10 Rules for Keeping Food Safe Outdoors

Food-borne illnesses are no picnic, so prepare your food the proper way.

By Sarah Albert
WebMD Weight Loss Clinic - Feature

Reviewed By Michael W. Smith, MD

It's the season for frolicking in the sun during family barbecues and for romantic picnics. At some point this summer, most of us will find ourselves flipping burgers on the grill or whipping out our Tupperware to transport a bin of potato salad. But unfortunately, if you aren't careful with foods during cookouts, natural bacteria can grow and multiply, putting you at risk for food-borne illnesses with scary names like salmonella and staphylococcus.

It's no picnic when a food-related illness strikes, often resulting in diarrhea, vomiting, and in some cases severe dehydration. Unfortunately, most of us will experience food poisoning at some point in our lives. According to the CDC, there are 76 million cases of food-borne illness each year in the U.S., which includes 325,000 hospitalizations and 5,000 deaths.

With evidence that food-borne illnesses may be more common during warm weather, people need to take extra precautions during the summer months, says Amy DuBois, MD, MPH, FACS, from the CDC in Atlanta.

An Ounce of Prevention

Given that food poisoning is often caused by our own safety mistakes, preventing food-borne illnesses while enjoying meals outdoors is often in your hands, literally.
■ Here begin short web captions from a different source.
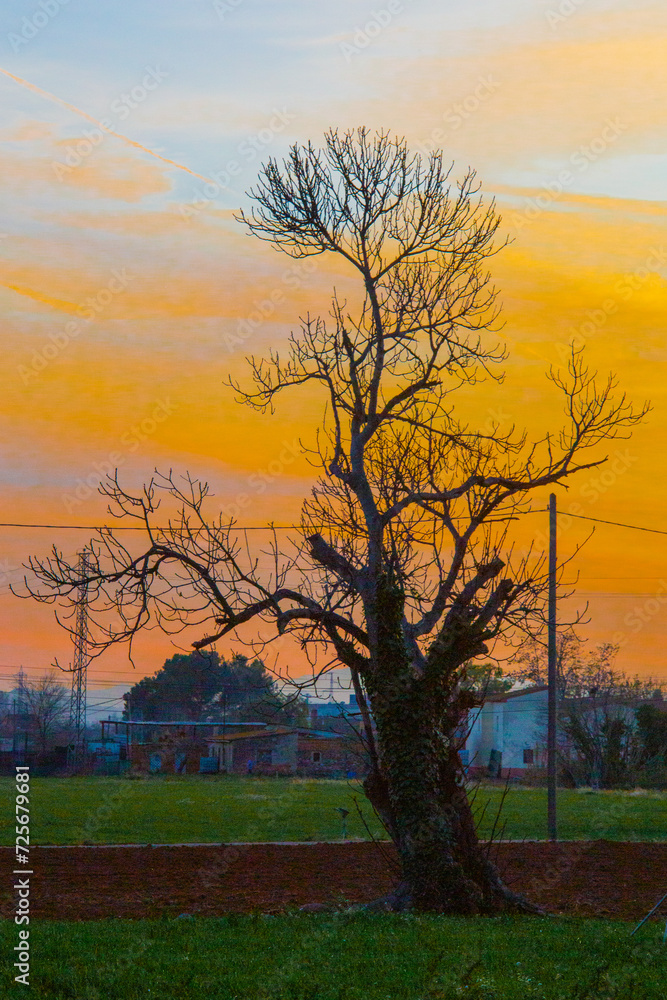Landscape with tree backlit with orange red yellow blue sky at dusk or dawn Landscape with tree backlit with orange red yellow blue sky at dusk or dawn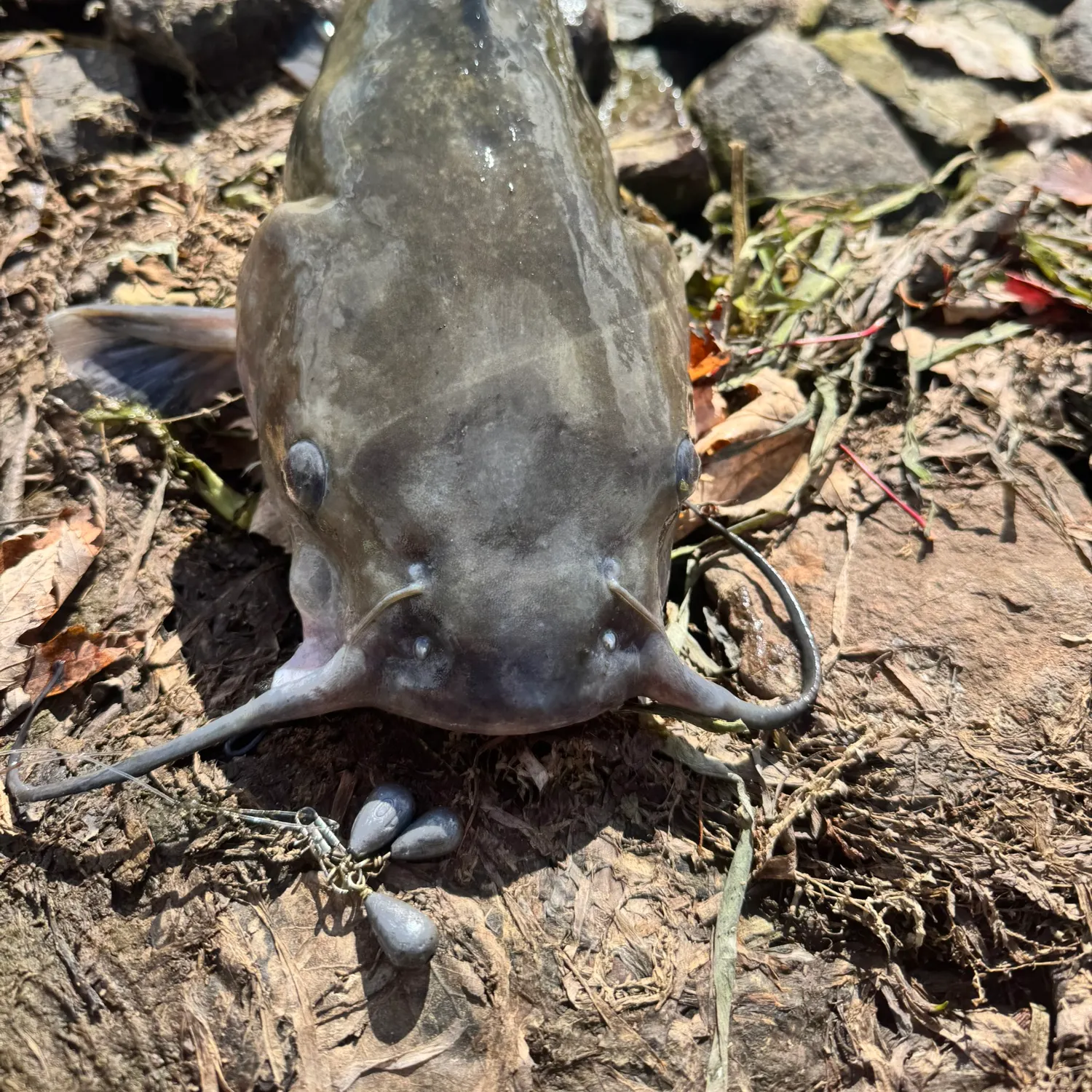 Channel catfish caught on Fishbrain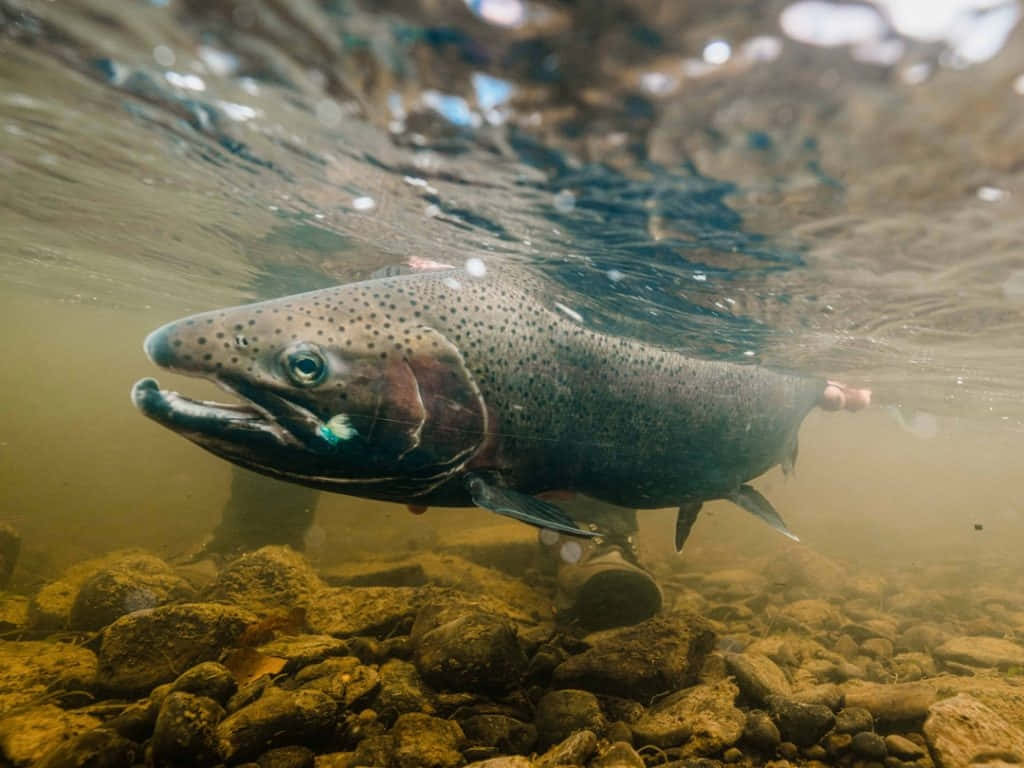 Underwater Steelhead Trout Swimming.jpg Wallpaper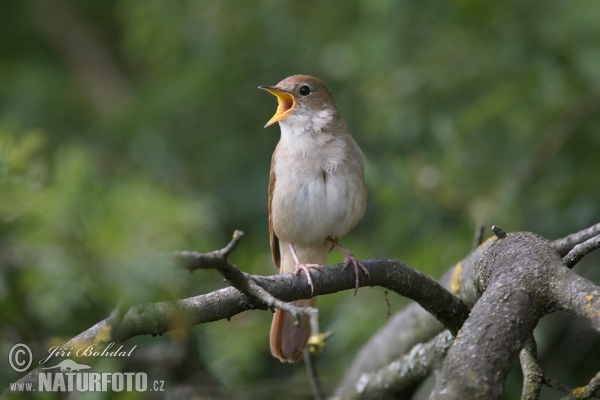 Nachtigall (Luscinia megarhynchos)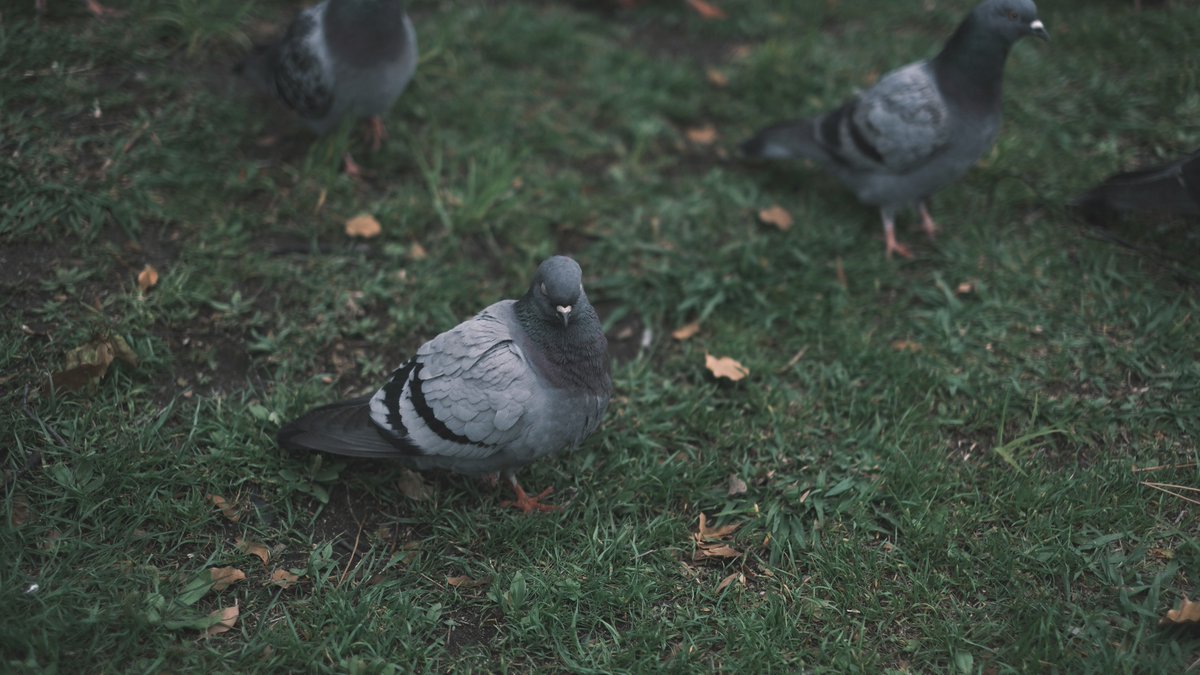 𝙢𝙞𝙞 tweet media
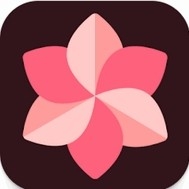 WallSpot壁纸app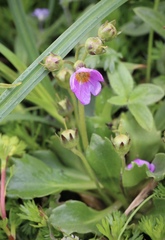 Primula cuneifolia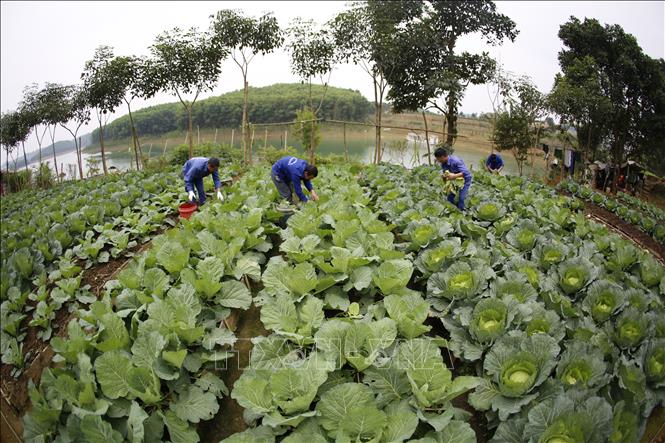 Cuộc sống trên đảo cai nghiện giữa lòng hồ Thác Bà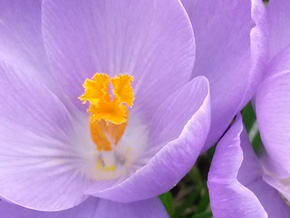 Photograph © Iona June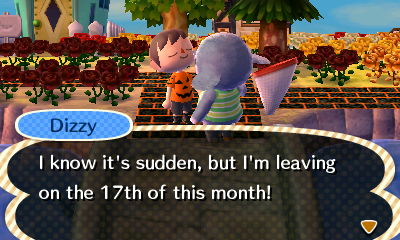 Dizzy: I know it's sudden, but I'm leaving on the 17th of this month!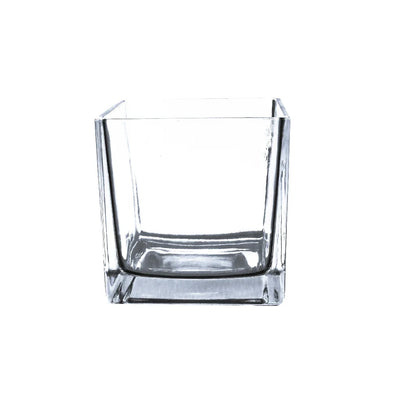 Clear Glass Floral Cube Vase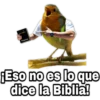 ¿Dónde están los pájaros? 20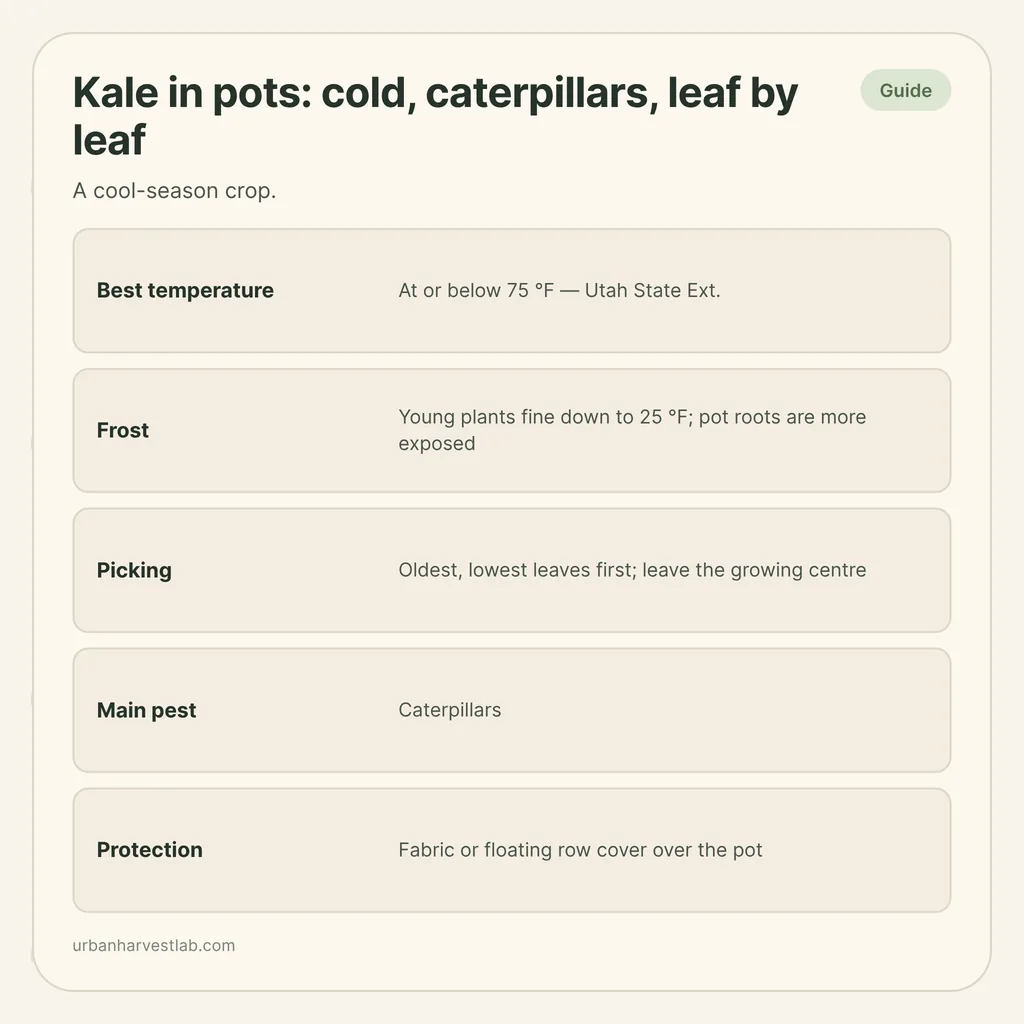 Infographic card: "Kale in pots: cold, caterpillars, leaf by leaf" with rows for temperature, frost, picking, caterpillars and row cover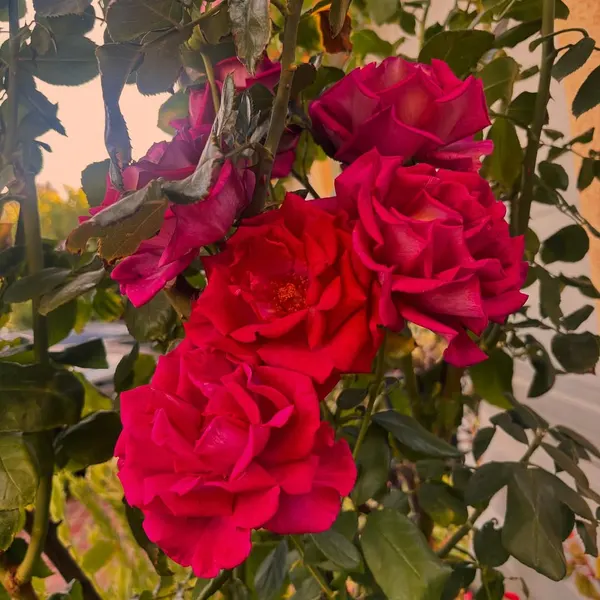 Rose, Nature, Flower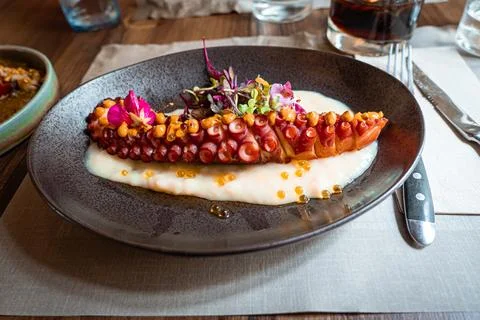 Boiled limb of octopus with tentacles over mushed potatoes Stock Photos
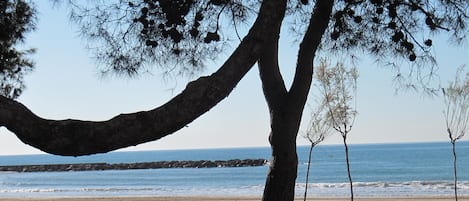 靠近海滩、白沙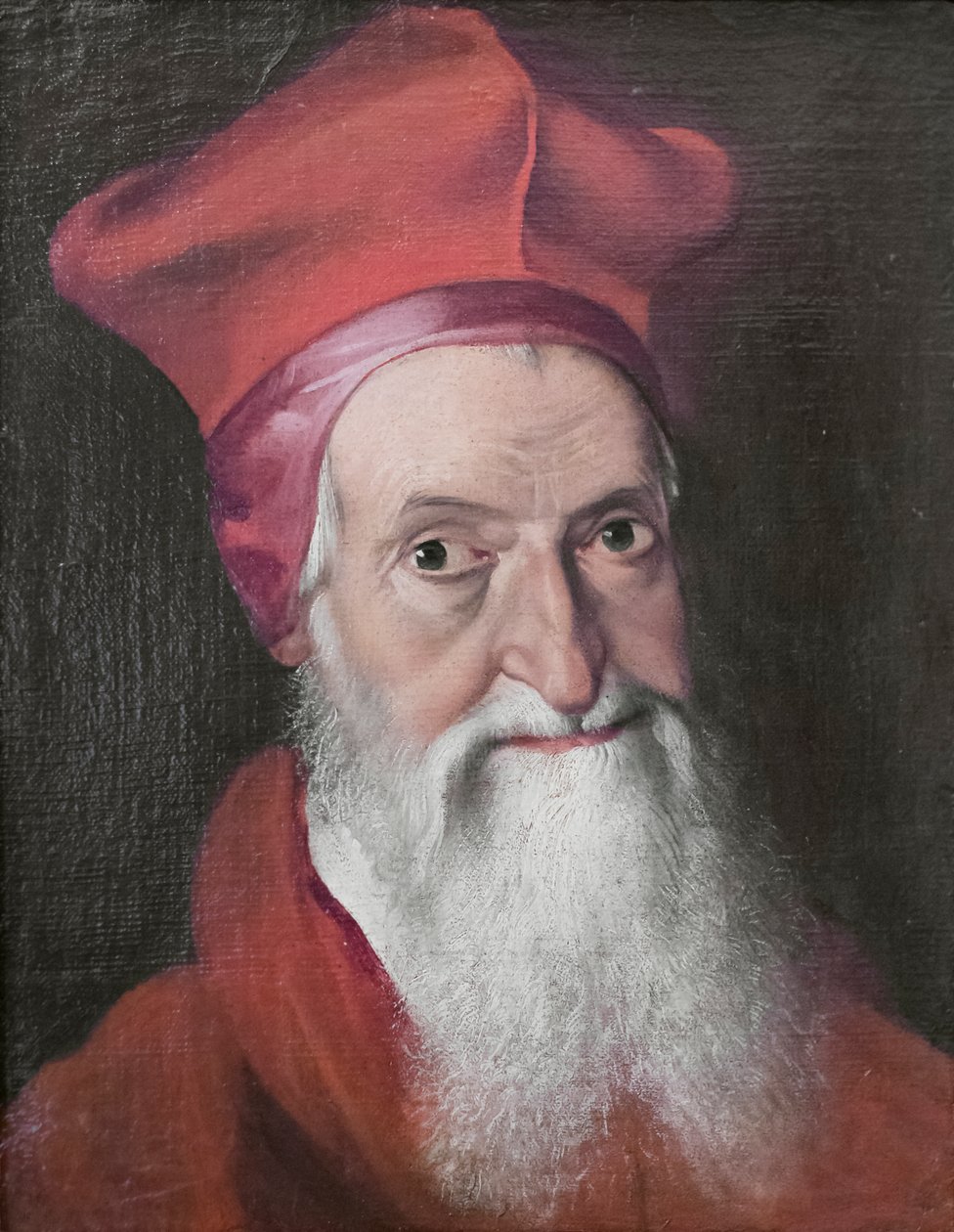 红衣主教多梅尼科·莫罗内的肖像 作者 Scipione (1550-98) 普尔佐内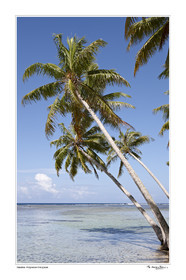 Photo disponible en tirage photo Fine Art,tirage original limités à 30 exemplaires.Chaque tirage est numéroté avec certificat d’authenticité signé.Pour choisir le format et support merci d'utiliser le caddie à coté de la photo.Formats disponibles : Tirage sur papier ( tirage seul) :  30x45 cm   40x60 cm  60x90 cm. Vous pouvez choisir le tirage avec un fond blanc ou noir , à votre convenance. Tirage sur papier contrecollé sur Dibond ( pas de bord blanc ou noir autour de l'image), avec système d'attache au dos:  30x45 cm   40x60 cm  50x75 cm  80x120cm.Tirage sur toile ( Canvas) monté sur chassis bois (pas de bord blanc ou noir autour de l'image), avec système d'attache au dos :  50x75 cm  80x120cm.Expédition ( Dans le monde entier): Colissimo (assurance) avec signature à réception. 48h pour la France métropolitaine.Il est possible de récupérer les tirages à La Galerie du Golfe (sans frais d'expèdition).Conditionnement tirages seuls: tube cylindrique renforcé + boite.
With the help of two food safety experts who spoke to WebMD -- DuBois, and Peter J. Slade, PhD, director of the National Center for Food Safety and Technology in Summit-Argo, Ill. -- we've come up with a list of rules so you can have your picnic and safely eat it, too.

1) Keep your hands clean.

"Hand washing really covers a multitude of sins," DuBois tells WebMD. In fact, dirty hands are one of the most common ways foods get contaminated. "You don't necessarily have control over where your food came from, but you can always make sure that you wash your hands." This includes washing your hands after changing diapers or going to the bathroom and before you eat or handle foods.

When you are outside without a water source, DuBois recommends using antibacterial hand wipes and gels, which are very effective when used correctly. Use soap and water to wash your hands, however, before and after handling raw meat or poultry.

2) Wash cooking equipment, dishes, and utensils between uses.

A 1998 consumer food survey, conducted by the FDA and the Department of Agriculture (USDA), found that 21% of cooks do not wash their cutting boards after cutting raw meat, a big mistake considering that cross-contamination is often to blame for food poisoning.

You should never let raw meat or poultry come in contact with other foods -- period. Avoid uncooked marinated food and raw meat, fish, or eggs, which may contain bacteria; cook all such food thoroughly. Keep utensils, cutting boards, dishes, surfaces, and even sponges clean, especially after contact with raw meat or poultry.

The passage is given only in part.